_Scraped caption text data_
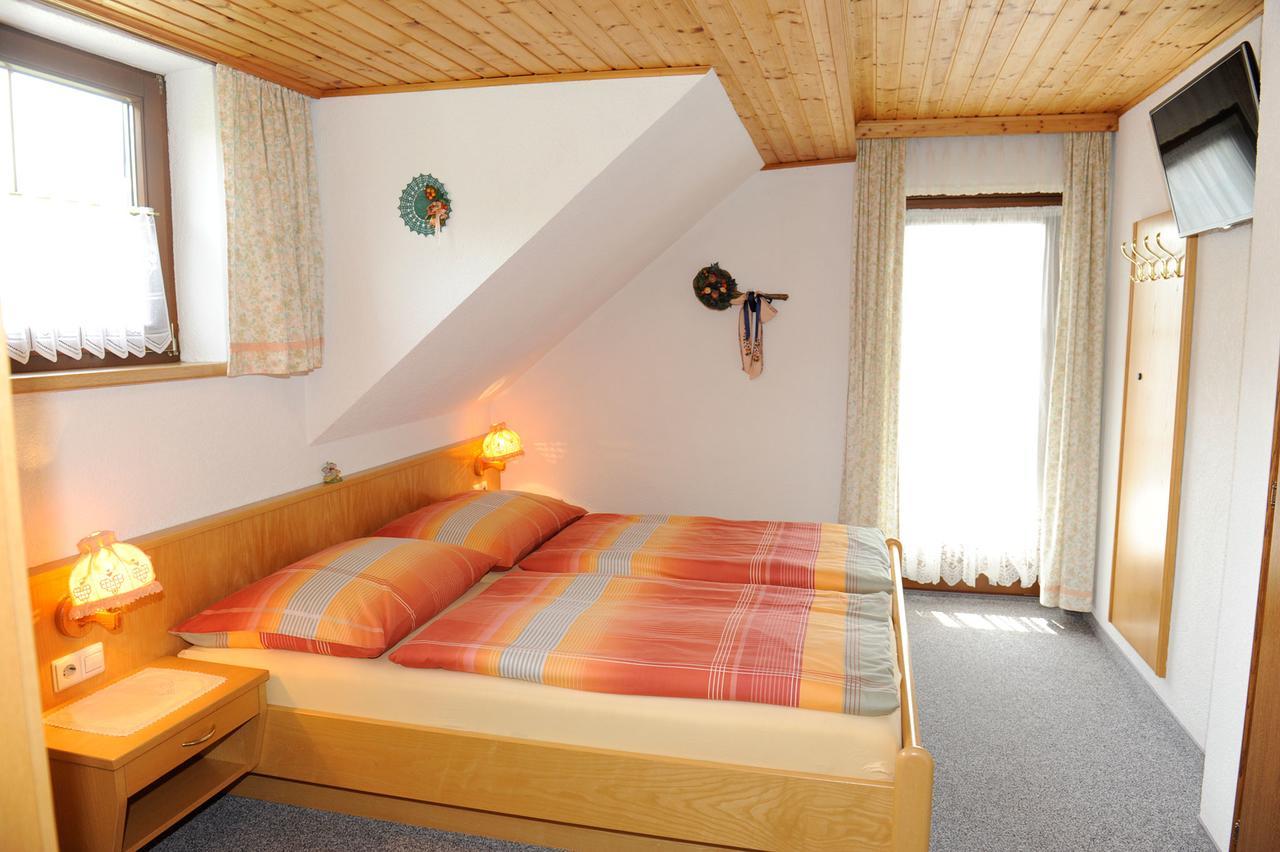 Haus Dorfer Bed & Breakfast Mariapfarr Exterior foto
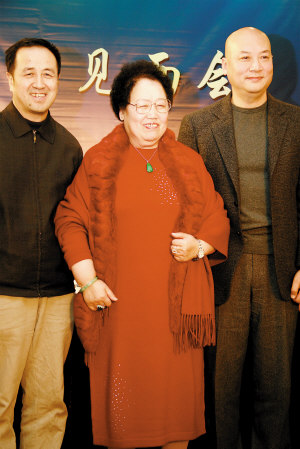 迟重瑞夫妇与导演林大庆合影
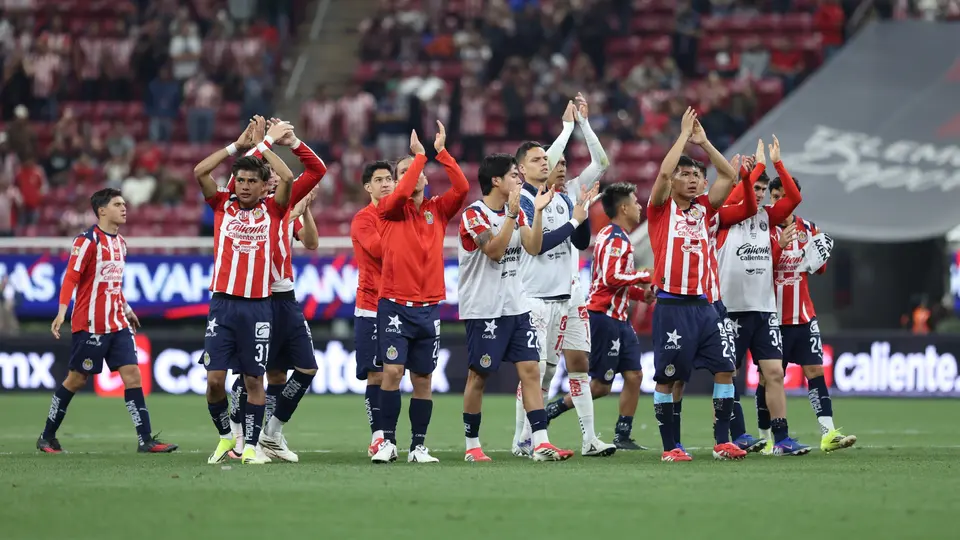 Chivas celebra su victoria ante León l MEXSPORT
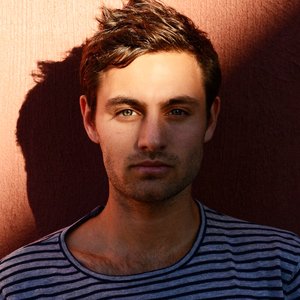 Yoke Lore 的头像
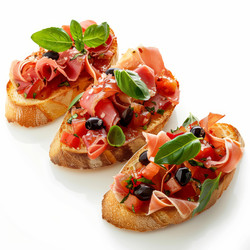 вкуснейшая брускетта с помидорами, оливками и прошутто на белом фоне - yliv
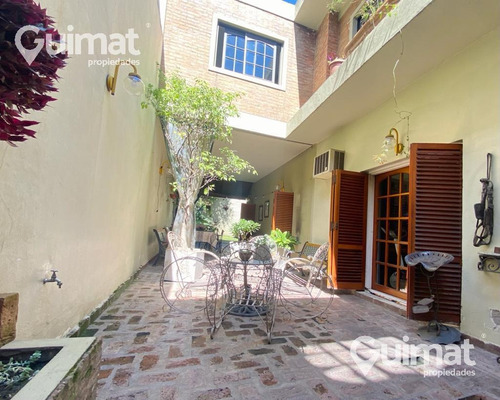 Imagen 2 de 22 de Excelente Casa En Venta A Reciclar Con Gran Potencial!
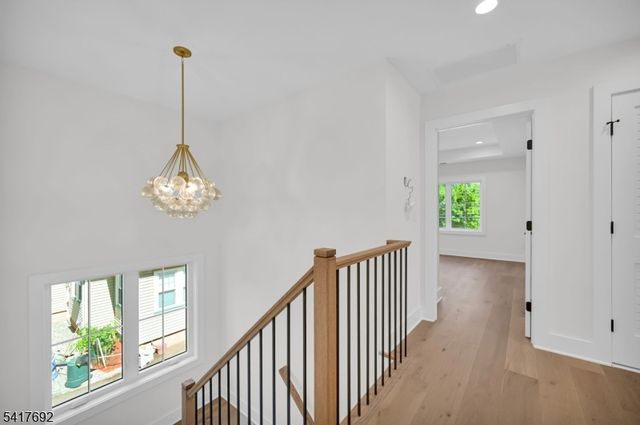 94 E Cedar St, Livingston Twp., NJ 07039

_Problem to work on_
Copy each record exactly. Leave any images out of the copy.

_Answer box_
 Haus Dorfer Bed & Breakfast Mariapfarr Exterior foto
 迟重瑞夫妇与导演林大庆合影
 Chivas celebra su victoria ante León l MEXSPORT
 Yoke Lore 的头像
 вкуснейшая брускетта с помидорами, оливками и прошутто на белом фоне - yliv
 Imagen 2 de 22 de Excelente Casa En Venta A Reciclar Con Gran Potencial!
 94 E Cedar St, Livingston Twp., NJ 07039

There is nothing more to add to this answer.